I'm just gonna say it like it is: Gabriel is a BRAT! A great big, silly brat who seems to have forgotten his manners.
Could be the beautiful spring weather and drying ground have something to do with his brattiness. Could be the inconsistent work he's been getting lately contributing to the lack of manners. Could be the rich alfalfa hay he's been eating for the past month is adding to the overall energy level of a 6-year-old SNOT. It's the end of the season, I get what I can get until the first cutting comes in. I don't LIKE feeding them 100% alfalfa, but it's dang good hay...and it's better than a load of weed-infested crap hay I got in January.
Could be anything.
I have seen him give little half-hearted humped-up bucks on the longe line. He pops up a little bit, chucks that head around and squeals. Typically I don't get after him for it as long as he gets it out of his system and settles back down and listens to me.
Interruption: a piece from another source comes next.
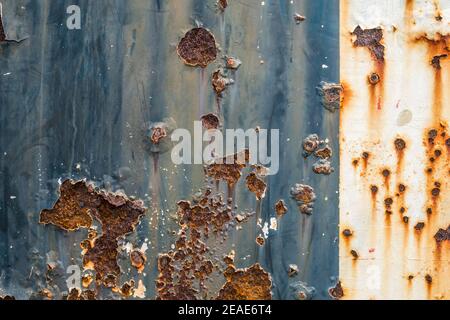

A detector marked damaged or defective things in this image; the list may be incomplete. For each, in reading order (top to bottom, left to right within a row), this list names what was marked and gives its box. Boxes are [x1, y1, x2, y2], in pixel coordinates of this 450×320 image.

But Tuesday? Holy mackerel. That horse. OOOOOhhhh, that bratty, bratty, super-energized horse truly showed me his athletic ability. He's been keeping little secrets.
That boy can FLY. Straight up, all fours off the ground with those hind legs well above his head. Bucking bronco anyone? Buck after buck after buck...I swear he cracked his back more than once after he bucked around on the end of the line. It wasn't discomfort or frustration or anger, it was pure energy expressing itself in a most young horse-like way. As soon as I had his brain on the longe line (gait changes, spirals in and out, trot cavalletti, direction changes, etc.) I climbed aboard and hoped for the best.
You'd think he'd be more settled into work mode after the shenanigans on the longe line. You'd think the sweat and the blowing would have knocked some of the edge off.
Nope. We had a few bucks and more than a couple of spooks at absolutely nothing.
But I kept him moving forward, forward, forward and WORKED him. We had a few fleeting moments of brilliance. Those moments we work so hard towards seem to be coming more often, despite the moments of massive fail. We also had quite a few "oh shit! No you didn't!" moments. But I rode the 'oh shit!' moments and used them to my advantage. I'm pretty sure I called him a shithead more than once.
You want to spook sideways at that dandelion? Hmm...okay...spook right into this lateral movement! Ha! Take that, you booger. Work it! Bucking? Really? Okay. Canter on a circle and give me a little bend. There ya go! Chuck that head around like a danged fool? Fine. You can't trot cavalletti while flinging and gazing at the stars. Lets see how many times you trip over your feet and stumble over the poles before you stop with the head crap. Good boy! There ya go, round UP! Chew the bit softly! NICE!
We ended the ride very nicely with him trotting strong, forward and rounded up to me. His cool-out walk was long, powerful and relaxed.
He heaved a sigh, licked his lips and pricked those ears forward. It was good. We talked. He talked back a few times, but in the end, he listened and I listened and something between us clicked.
We're not perfect. In fact, sometimes we are absolutely HORRIBLE. But as long as he learns something positive by the time we are done I consider it a successful ride. Bucks, spooks and general naughtiness included. Because each one of those naughty behaviors can be transformed and used in the overall training process.
Because at some point, he'll figure out it's just easier to not act like a bobble-headed yearling full of spring oats. I hope!